Já ouviu falar em “alta na bolsa”? Saiba como as farmacêuticas tiveram essa ‘alta’ durante a pandemia

As empresas farmacêuticas que se dedicaram nas pesquisas e estudos da vacina contra a Covid-19, viram seus números até quintuplicar na bolsa de valores. Com valorizações bilionárias na bolsa de Nova York, a NYSE, as altas foram registradas desde o início da pandemia e chegaram ao auge com os bons resultados apresentados pelos testes das vacinas.

Apesar de muitas farmacêuticas ainda não terem concluído seus testes, a pandemia mostrou que é possível aumentar as cotações dessas empresas em milhões de dólares, mesmo sem ter comprovado a verdadeira eficácia de seus imunizantes. 

Quem investiu nas ações das principais farmacêuticas que pesquisaram e produziram a vacina, viram o ganho do acionista retornar de forma significativa.

Mas, de fato, o que significa ações?

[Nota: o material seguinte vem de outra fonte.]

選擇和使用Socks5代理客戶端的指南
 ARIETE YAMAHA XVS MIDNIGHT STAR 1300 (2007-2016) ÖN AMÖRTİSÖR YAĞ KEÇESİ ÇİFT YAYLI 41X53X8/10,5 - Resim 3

Ganho do acionista? Bolsa de valores? Entenda esses conceitos e veja como isso impacta na sua vida.

O que é bolsa de valores?

Pense na bolsa de valores como um ambiente de negociação, em que os investidores podem comprar ou vender títulos, ações e commodities emitidos pelas empresas, que podem ser empresas públicas, privadas ou mistas. 

É basicamente, se pudermos exemplificar de forma mais didática, como uma feira de moda, em que as lojas vão apresentar seus produtos nesta feira e vários tipos de clientes vão até lá para ter maiores opções de compra. A bolsa de valores é bem isso: um ambiente em que várias empresas apresentam suas ações, por exemplo, para quem queira adquirir.

Apesar de ser considerado um verdadeiro quebra-cabeças para algumas pessoas, o conceito e a prática da bolsa de valores se popularizou nos últimos anos e muitas pessoas conseguem levar o processo como uma forma de obter um dinheiro extra ou até mesmo um ganha-pão. Mas para isso, é preciso entender e se aprofundar nas características que compõem esse mundo das ações.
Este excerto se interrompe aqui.